Le situazioni create in laboratorio ricostruivano condizioni che il nostro cervello è abituato a gestire nella vita di tutti i giorni. Si pensi per esempio a un telefono che suona (stimolo): normalmente alzeremo la cornetta per rispondere, ci fa notare Koechlin. Resteremo tuttavia indifferenti allo stesso stimolo se ci troviamo in casa di un amico (contesto diverso). E ancora, risponderemo anche a casa altrui dietro richiesta del proprietario dell’abitazione, momentaneamente occupato in altre mansioni (sfornare un arrosto?). Ecco allora che le "cavie" si sono prestate a premere pulsanti in risposta a uno stimolo, distinguere vocali e consonanti attraverso un colore, rispondere o meno a un segnale a seconda del contesto: hanno insomma partecipato a test usati spesso in analisi cognitive. In questo caso, però, i ricercatori, grazie alla risonanza magnetica, potevano seguire sul monitor l’attività della corteccia prefrontale e determinare nelle varie circostanze l’area che di volta in volta si "accendeva".

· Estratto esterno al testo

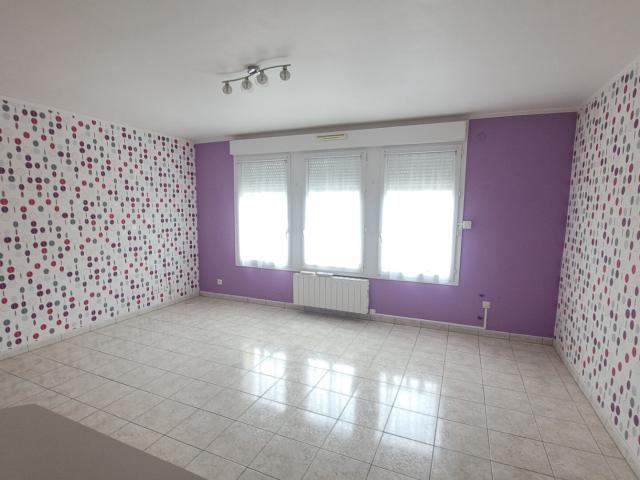Appartement 2 pièces 47 m²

l’ipotesi di partenza era che il controllo cognitivo coinvolge almeno tre livelli successivi di processamento eseguiti in regioni frontali diverse: richiamare un'esperienza anteriore, considerare le istruzioni esterne, selezionare la risposta. E così è stato. A quanto pare esiste effettivamente un'organizzazione gerarchica costruita intorno a un gruppo di funzioni generali. Secondo lo studio la prima sottoregione mantiene traccia di ciò che i ricercatori chiamano l’episodio: la situazione particolare in cui si cerca di capire cosa fare. La successiva gestisce il contesto, ovvero ciò che significa un dato stimolo in quella particolare situazione. Infine, la regione più arretrata reagisce in accordo allo stimolo. l’attività cerebrale si sposta quindi dall’area anteriore della corteccia prefrontale laterale a una sezione posteriore fino ad arrivare all’area di controllo motorio nel mezzo del cervello.
«Si sta raggiungendo un punto di vista interessante sulla corteccia prefrontale», è il commento di alcuni studiosi, tra cui John Duncan, della Cognition and Brain Sciences Unit, presso il Medical Research Council di Cambridge. Gli autori dell’articolo si sono impegnati a dare una descrizione della corteccia prefrontale, continua il ricercatore. In passato era stato proposto che parti diverse si occupassero di differenti tipi di informazione, come la forma di un oggetto o la sua posizione. Ma questi risultati ci dimostrano che dovremmo "aprire i nostri orizzonti". Eppure, ammonisce Duncan, «penso che nella vita reale le cose siano molto più complesse».